▶ Exercise directions
Of all the entries below, retype only the lines from the one with "GTA Vice City New Tab HD Wallpaper GTA" through the one with "Permanent Adhesive Vinyl", exactly as they appear.

▶ Data section
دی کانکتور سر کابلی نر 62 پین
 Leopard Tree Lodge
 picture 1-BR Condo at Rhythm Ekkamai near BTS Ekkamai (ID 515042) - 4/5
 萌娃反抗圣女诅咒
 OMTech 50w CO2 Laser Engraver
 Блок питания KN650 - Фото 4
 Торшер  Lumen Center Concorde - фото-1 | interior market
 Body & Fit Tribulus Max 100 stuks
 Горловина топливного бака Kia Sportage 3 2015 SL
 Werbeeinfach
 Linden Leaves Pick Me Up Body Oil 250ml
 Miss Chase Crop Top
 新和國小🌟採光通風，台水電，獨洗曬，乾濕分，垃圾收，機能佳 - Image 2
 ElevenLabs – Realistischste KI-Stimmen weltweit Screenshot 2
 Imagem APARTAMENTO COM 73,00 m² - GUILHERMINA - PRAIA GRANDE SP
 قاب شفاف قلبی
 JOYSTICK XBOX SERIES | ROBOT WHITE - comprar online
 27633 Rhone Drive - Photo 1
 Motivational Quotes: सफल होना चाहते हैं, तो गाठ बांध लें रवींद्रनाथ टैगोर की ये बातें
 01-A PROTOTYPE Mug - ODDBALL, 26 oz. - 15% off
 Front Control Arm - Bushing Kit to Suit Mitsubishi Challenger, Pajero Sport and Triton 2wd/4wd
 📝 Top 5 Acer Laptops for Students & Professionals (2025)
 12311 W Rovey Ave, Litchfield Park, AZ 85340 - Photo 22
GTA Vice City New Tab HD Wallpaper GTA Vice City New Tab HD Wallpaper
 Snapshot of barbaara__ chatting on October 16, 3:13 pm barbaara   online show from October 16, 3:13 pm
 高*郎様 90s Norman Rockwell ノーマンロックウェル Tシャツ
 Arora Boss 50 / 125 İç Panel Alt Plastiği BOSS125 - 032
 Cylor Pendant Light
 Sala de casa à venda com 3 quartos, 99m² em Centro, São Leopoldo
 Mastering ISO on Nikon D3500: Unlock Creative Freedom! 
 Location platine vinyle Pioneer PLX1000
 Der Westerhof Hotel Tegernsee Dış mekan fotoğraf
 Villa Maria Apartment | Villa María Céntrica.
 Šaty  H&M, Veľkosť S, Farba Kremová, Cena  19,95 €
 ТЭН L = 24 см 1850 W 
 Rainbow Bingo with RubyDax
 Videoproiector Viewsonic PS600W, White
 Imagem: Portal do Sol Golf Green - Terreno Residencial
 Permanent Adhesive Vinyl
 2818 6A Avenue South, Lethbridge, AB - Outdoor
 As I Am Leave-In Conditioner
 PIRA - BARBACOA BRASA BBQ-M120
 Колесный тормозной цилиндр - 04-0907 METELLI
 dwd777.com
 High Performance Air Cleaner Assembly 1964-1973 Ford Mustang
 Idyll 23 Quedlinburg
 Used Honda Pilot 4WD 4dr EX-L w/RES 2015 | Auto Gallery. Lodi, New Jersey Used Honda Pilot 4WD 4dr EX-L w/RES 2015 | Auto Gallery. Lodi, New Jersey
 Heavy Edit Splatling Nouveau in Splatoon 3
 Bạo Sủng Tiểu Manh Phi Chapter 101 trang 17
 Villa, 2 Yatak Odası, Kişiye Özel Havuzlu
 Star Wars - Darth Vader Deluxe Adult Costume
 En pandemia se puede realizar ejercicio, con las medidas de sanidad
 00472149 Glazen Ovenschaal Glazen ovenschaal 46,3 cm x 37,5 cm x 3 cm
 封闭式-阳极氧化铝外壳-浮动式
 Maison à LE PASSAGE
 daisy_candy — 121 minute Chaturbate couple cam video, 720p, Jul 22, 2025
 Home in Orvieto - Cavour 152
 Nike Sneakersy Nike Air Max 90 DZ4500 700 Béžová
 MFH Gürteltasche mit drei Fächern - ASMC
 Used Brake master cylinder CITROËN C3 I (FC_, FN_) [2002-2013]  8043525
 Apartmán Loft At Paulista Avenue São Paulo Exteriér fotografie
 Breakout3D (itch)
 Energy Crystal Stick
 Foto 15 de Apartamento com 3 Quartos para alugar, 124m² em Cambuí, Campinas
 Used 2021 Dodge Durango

▶ Expected output
GTA Vice City New Tab HD Wallpaper GTA Vice City New Tab HD Wallpaper
 Snapshot of barbaara__ chatting on October 16, 3:13 pm barbaara   online show from October 16, 3:13 pm
 高*郎様 90s Norman Rockwell ノーマンロックウェル Tシャツ
 Arora Boss 50 / 125 İç Panel Alt Plastiği BOSS125 - 032
 Cylor Pendant Light
 Sala de casa à venda com 3 quartos, 99m² em Centro, São Leopoldo
 Mastering ISO on Nikon D3500: Unlock Creative Freedom! 
 Location platine vinyle Pioneer PLX1000
 Der Westerhof Hotel Tegernsee Dış mekan fotoğraf
 Villa Maria Apartment | Villa María Céntrica.
 Šaty  H&M, Veľkosť S, Farba Kremová, Cena  19,95 €
 ТЭН L = 24 см 1850 W 
 Rainbow Bingo with RubyDax
 Videoproiector Viewsonic PS600W, White
 Imagem: Portal do Sol Golf Green - Terreno Residencial
 Permanent Adhesive Vinyl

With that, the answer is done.